• [Source material]
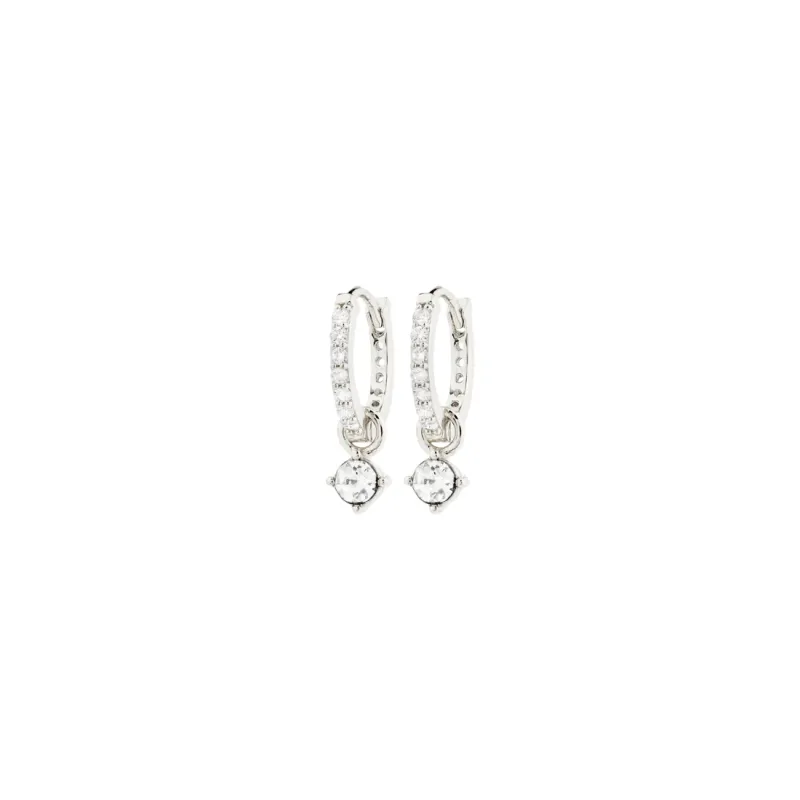 Pilgrim Joa Recycled Crystal Hoop Earrings - Silver sold by Boutique with Grace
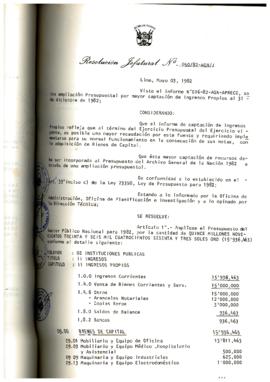 Resolución Jefatural N° 050-1982/AGN/J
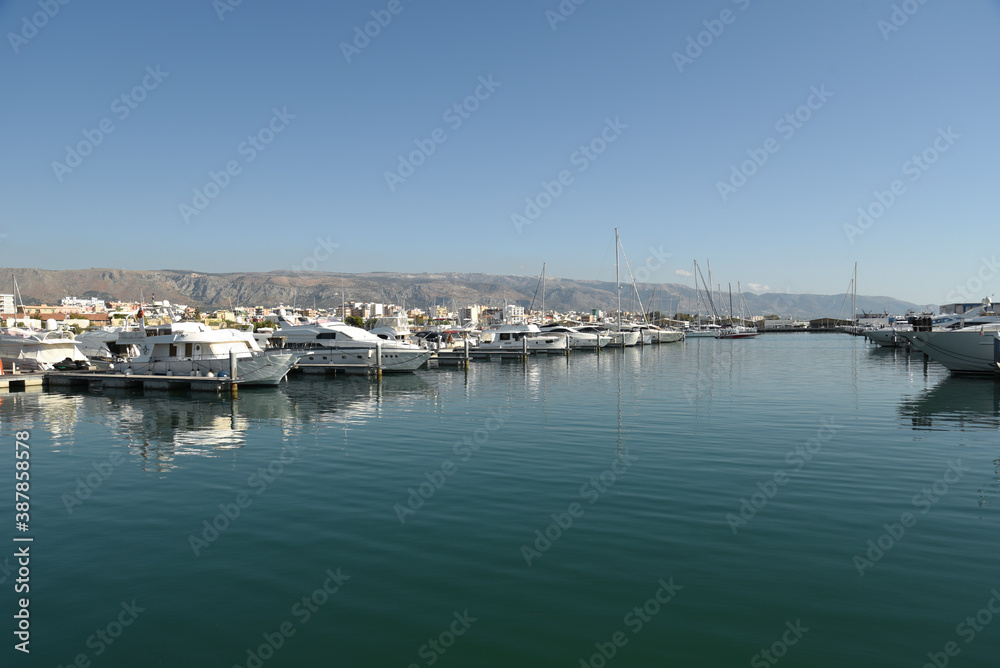 Boats in the Marina by Morning at Summer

• [Task statement] Repeat all of the material above exactly, leaving out pictures.

• [Finished exercise]
 Pilgrim Joa Recycled Crystal Hoop Earrings - Silver sold by Boutique with Grace
 Resolución Jefatural N° 050-1982/AGN/J
 Boats in the Marina by Morning at Summer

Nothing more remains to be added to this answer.